◆ What the task asks
Would you return, word for word, the lines running from the one with "Banda de Resistencia" to the final line of the listing below, pictures omitted?

◆ Records supplied
□ □ □ □ □ □ □

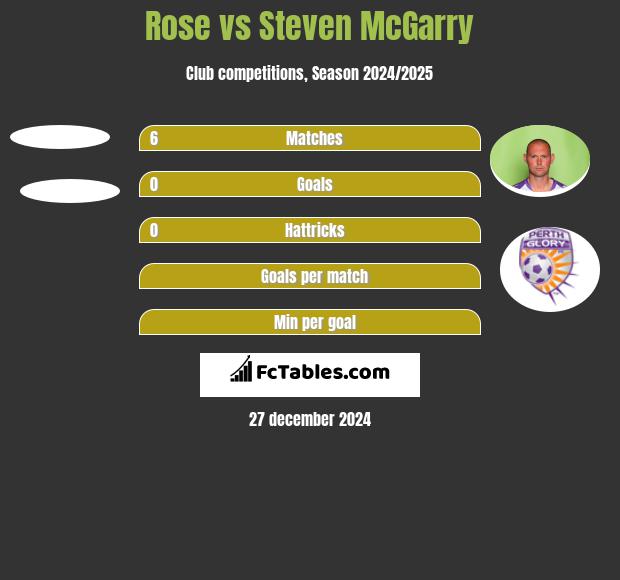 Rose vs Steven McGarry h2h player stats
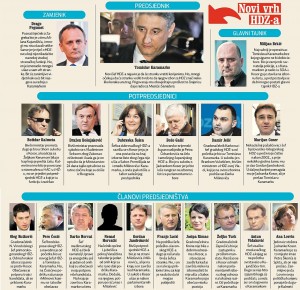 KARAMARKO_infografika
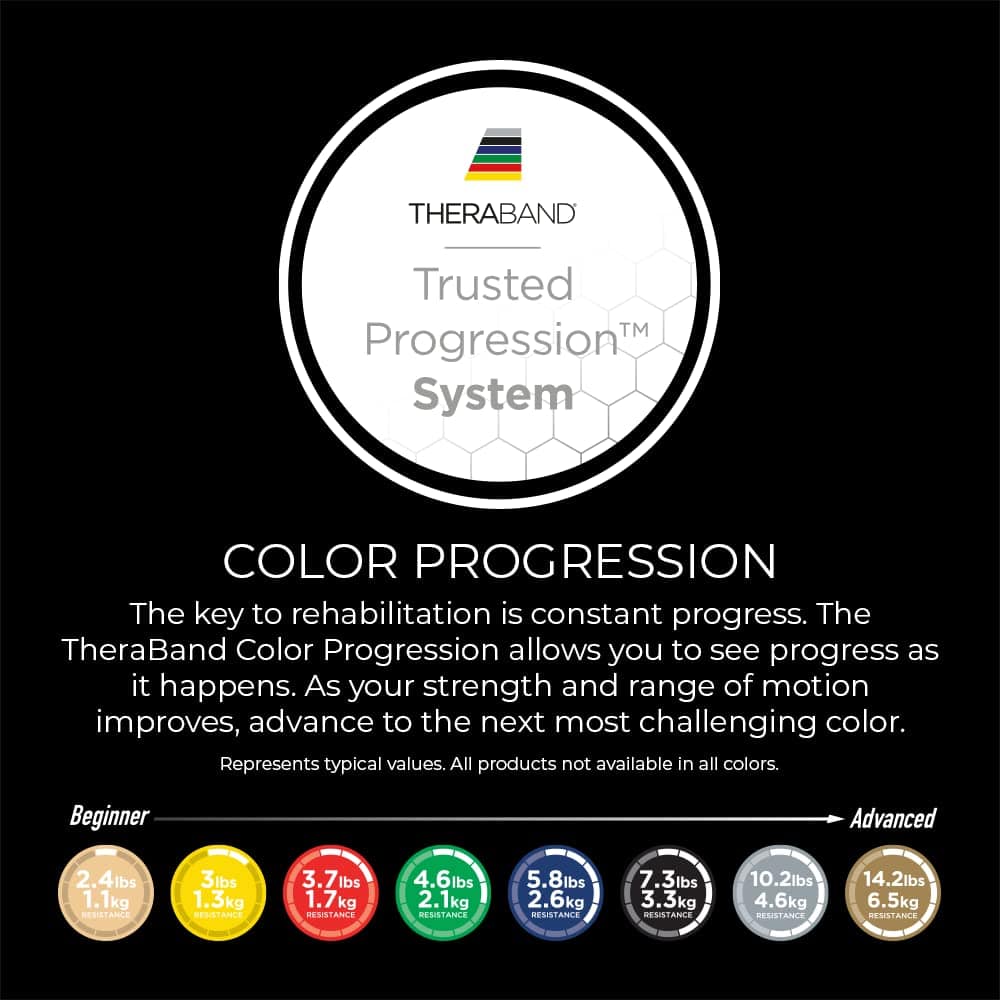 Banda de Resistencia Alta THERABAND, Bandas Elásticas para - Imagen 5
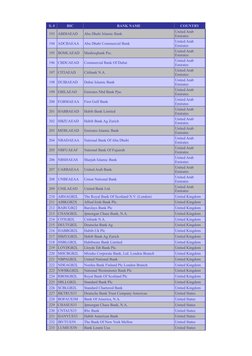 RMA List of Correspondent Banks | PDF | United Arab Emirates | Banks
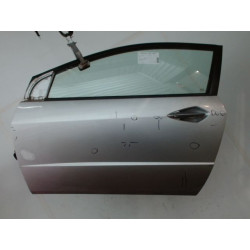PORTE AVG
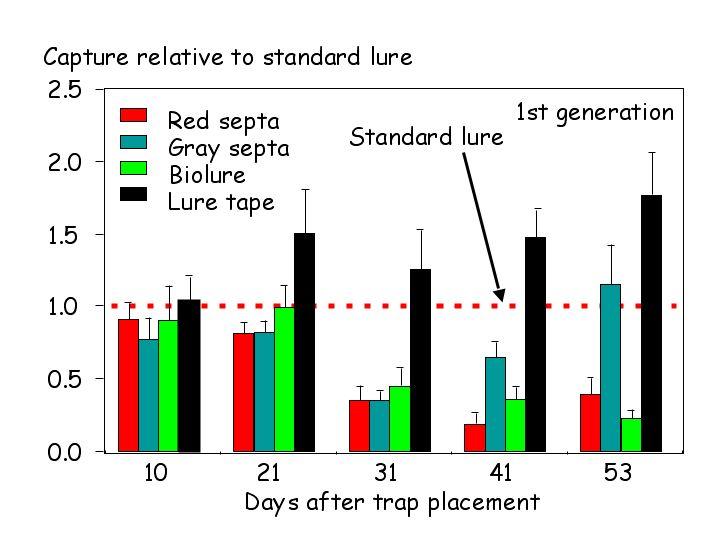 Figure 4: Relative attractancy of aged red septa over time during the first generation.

□ □ □ □ □ □ □

◆ Expected answer
 Banda de Resistencia Alta THERABAND, Bandas Elásticas para - Imagen 5
 RMA List of Correspondent Banks | PDF | United Arab Emirates | Banks
PORTE AVG
 Figure 4: Relative attractancy of aged red septa over time during the first generation.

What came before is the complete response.